Now I know the Pre-Cambrian era well - that's back in the old, old, times before everything. Actually, to call it an "era" is a misnomer - it actually comprises the entire first seven-eighths of the Earth's history, about which we know practically zip.

It's not just all about this "Kentucky Body" though: a subsequent report notes that "the source region for the satellite anomaly is considerably more extensive than the Kentucky body sensu stricto."

Aside from a mention in some grad student's online paper, I can't find any further analysis of the Kentucky Body and the Kentucky Anomaly by NASA (or anyone else) after this initial flurry of papers in the 1980s. Why? Did the subject become classified?

Saturday, July 26, 2008

Red River Museum

Located in Clay City, KY, the Red River Museum is a veritable treasure trove of odd antiquated items related to the Powell County area.

Two floors of amazing junk and antiques, plus outbuildings and a yard full of more stuff. Railroad memorabilia, rustic antiques, taxidermified animals (including a disturbing pair of prematurely born baby deer) , old photos and paper ephemera from the Gorge's history. The building itself is the former Clay City National Bank building, built in 1875.

Best of all, it's free.

Friday, July 25, 2008

Haunted (Waffle) House

I'm tellin' ya, Kentucky is one spooky place, all across the board, and I maintain that we are all, at any given moment, swimming in a sea of unseen ghosts and otherworldly critters and we just don't know it.

Case in point: just an hour ago, I was having lunch at the Waffle House in Jeffersontown, KY (1620 Kentucky Mills Drive) and the jukebox was silent for most of the meal.

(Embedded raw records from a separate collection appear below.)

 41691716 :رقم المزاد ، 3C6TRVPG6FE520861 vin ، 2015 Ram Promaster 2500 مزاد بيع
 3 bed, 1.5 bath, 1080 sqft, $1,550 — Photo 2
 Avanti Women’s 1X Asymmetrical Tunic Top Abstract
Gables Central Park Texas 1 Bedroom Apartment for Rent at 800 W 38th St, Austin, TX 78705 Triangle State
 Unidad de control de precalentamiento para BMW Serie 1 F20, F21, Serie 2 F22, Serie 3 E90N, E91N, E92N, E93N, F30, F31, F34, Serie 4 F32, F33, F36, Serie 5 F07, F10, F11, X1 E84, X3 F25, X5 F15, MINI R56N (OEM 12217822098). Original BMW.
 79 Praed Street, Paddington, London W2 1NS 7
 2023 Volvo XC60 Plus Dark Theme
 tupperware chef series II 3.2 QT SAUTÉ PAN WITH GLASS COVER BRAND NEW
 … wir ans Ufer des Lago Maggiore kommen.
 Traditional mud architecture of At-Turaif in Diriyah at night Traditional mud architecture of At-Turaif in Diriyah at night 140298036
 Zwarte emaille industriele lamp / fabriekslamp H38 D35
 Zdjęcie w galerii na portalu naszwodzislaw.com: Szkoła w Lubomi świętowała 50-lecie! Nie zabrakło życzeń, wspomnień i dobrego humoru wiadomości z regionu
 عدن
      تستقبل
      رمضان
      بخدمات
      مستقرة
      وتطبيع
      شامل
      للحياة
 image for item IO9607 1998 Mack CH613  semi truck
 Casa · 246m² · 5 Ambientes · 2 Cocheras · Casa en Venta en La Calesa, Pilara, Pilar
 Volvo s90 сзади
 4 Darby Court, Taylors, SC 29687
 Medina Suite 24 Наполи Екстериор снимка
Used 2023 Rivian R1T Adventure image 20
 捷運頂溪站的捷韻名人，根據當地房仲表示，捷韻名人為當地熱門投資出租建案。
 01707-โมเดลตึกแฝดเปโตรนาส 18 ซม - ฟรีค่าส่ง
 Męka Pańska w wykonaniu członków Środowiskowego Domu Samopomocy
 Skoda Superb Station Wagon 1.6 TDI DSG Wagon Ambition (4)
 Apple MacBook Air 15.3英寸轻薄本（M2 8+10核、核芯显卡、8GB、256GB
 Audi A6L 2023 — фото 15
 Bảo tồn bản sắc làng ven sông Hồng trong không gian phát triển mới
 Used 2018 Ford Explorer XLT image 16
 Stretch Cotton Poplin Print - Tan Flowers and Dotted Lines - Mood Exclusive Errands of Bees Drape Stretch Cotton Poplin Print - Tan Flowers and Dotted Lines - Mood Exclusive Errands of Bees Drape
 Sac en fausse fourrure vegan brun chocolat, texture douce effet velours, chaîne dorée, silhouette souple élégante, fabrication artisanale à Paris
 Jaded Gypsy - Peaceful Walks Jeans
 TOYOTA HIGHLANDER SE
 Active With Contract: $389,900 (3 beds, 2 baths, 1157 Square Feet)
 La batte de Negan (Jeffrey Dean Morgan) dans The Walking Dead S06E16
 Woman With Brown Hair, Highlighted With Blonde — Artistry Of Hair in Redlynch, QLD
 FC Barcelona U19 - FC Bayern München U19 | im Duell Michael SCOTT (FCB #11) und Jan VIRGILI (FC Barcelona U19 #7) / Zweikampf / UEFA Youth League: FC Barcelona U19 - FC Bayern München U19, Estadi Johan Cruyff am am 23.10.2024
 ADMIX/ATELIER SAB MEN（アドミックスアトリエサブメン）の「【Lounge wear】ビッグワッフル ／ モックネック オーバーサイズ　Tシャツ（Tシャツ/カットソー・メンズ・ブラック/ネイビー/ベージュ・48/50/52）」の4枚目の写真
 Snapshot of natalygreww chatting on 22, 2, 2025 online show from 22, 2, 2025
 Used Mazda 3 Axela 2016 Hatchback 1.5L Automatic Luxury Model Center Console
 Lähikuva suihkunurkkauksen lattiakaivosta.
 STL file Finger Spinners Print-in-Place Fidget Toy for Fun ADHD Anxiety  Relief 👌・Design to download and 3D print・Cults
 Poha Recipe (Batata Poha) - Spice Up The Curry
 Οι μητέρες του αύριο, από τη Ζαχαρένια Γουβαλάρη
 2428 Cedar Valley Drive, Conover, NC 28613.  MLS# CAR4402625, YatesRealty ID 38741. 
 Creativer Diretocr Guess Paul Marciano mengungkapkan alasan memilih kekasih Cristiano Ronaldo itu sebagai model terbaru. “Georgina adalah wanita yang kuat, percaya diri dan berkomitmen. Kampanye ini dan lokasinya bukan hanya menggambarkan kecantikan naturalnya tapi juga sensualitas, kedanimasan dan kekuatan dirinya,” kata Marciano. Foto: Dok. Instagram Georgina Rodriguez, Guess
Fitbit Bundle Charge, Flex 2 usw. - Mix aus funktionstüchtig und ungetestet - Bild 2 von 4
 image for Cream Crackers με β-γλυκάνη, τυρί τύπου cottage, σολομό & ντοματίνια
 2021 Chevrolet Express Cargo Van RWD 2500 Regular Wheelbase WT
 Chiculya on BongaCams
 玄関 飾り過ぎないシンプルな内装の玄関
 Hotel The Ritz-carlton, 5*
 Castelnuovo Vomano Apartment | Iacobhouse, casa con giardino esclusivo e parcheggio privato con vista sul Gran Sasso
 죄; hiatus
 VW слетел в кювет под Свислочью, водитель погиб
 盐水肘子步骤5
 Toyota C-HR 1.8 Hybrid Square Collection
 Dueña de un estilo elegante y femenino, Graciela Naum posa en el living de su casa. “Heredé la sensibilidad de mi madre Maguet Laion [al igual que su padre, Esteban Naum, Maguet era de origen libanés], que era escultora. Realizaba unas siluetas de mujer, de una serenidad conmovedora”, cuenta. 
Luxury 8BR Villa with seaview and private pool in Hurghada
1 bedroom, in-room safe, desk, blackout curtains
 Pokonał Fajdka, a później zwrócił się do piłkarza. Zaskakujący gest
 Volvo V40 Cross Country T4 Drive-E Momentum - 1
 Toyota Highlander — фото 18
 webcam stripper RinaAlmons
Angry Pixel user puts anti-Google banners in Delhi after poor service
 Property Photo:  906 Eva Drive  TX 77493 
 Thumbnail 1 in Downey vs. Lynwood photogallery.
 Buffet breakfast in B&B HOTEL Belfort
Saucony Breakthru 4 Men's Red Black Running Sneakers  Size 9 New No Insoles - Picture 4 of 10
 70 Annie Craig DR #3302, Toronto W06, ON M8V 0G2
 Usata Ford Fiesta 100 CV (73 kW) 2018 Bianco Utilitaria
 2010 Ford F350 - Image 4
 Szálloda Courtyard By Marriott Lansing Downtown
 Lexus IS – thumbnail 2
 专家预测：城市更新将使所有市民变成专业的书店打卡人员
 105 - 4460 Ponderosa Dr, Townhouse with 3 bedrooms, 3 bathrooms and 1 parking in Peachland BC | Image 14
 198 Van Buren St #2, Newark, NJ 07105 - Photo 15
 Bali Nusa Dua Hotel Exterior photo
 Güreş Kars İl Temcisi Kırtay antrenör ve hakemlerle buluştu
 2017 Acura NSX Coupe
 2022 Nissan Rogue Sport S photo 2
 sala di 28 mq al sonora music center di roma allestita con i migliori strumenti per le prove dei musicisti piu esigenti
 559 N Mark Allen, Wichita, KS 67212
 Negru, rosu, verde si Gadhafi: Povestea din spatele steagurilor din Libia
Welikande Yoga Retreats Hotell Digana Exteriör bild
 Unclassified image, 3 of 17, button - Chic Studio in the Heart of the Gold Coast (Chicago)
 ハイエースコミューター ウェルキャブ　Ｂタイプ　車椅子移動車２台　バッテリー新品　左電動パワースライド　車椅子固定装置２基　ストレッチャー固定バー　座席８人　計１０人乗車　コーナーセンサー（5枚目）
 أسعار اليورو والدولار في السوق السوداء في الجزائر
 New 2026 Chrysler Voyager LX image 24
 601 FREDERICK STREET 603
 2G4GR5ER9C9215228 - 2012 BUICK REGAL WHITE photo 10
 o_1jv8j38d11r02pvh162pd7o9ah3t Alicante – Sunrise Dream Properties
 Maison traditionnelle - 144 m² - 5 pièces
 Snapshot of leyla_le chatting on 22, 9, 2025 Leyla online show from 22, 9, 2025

Then, one song came on by itself without anyone having put any quarters in it. Then it went back to silence. I thought it rather odd, since every other jukebox I've seen that has an automatic-play feature runs continuously, not just playing one random song and then stopping.

I mentioned it to the waitress, who informed me in no uncertain terms that the Waffle House is haunted and that strange things like that happen so regularly that they're all used to it. Another waitress standing nearby nodded in affirmation, and mentioned that towels have flown by themselves, and so have these plastic containers they use in the kitchen.

The first waitress speculated that the spirits may have followed her to work from her own home, because she once lived in a very haunted house in Louisville with the exact same kind of poltergeist activity. She told of large art-glass bottles falling by themselves from atop a fishtank, not breaking when hitting the floor, and spinning to point all in one direction. She also told of rumors that a child was killed in her home, and that she discovered a creepy room in her basement, where someone had once lived, but was boarded up and hidden behind paneling. She's since moved from this house, but reports the ghostly phenomena still follows her, both to her new home and to her job at Waffle House.

She seemed extremely sincere and somewhat frazzled about having to endure the haunted weirdness. There was no sense of spinning a grand yarn to shock or impress; she was very blase and matter-of-fact about the ghosts in her life, which seem to have taken root in her workplace as well.

Needless to say, I will be making repeat visits to this Waffle House and having further chats with said waitress.

GWAR car?

You know, in the Weird Kentucky book I referred to this as a GWAR car (you know, the insane blood-splattering metal band?).... but now I wonder if it doesn't actually say "GNAR"?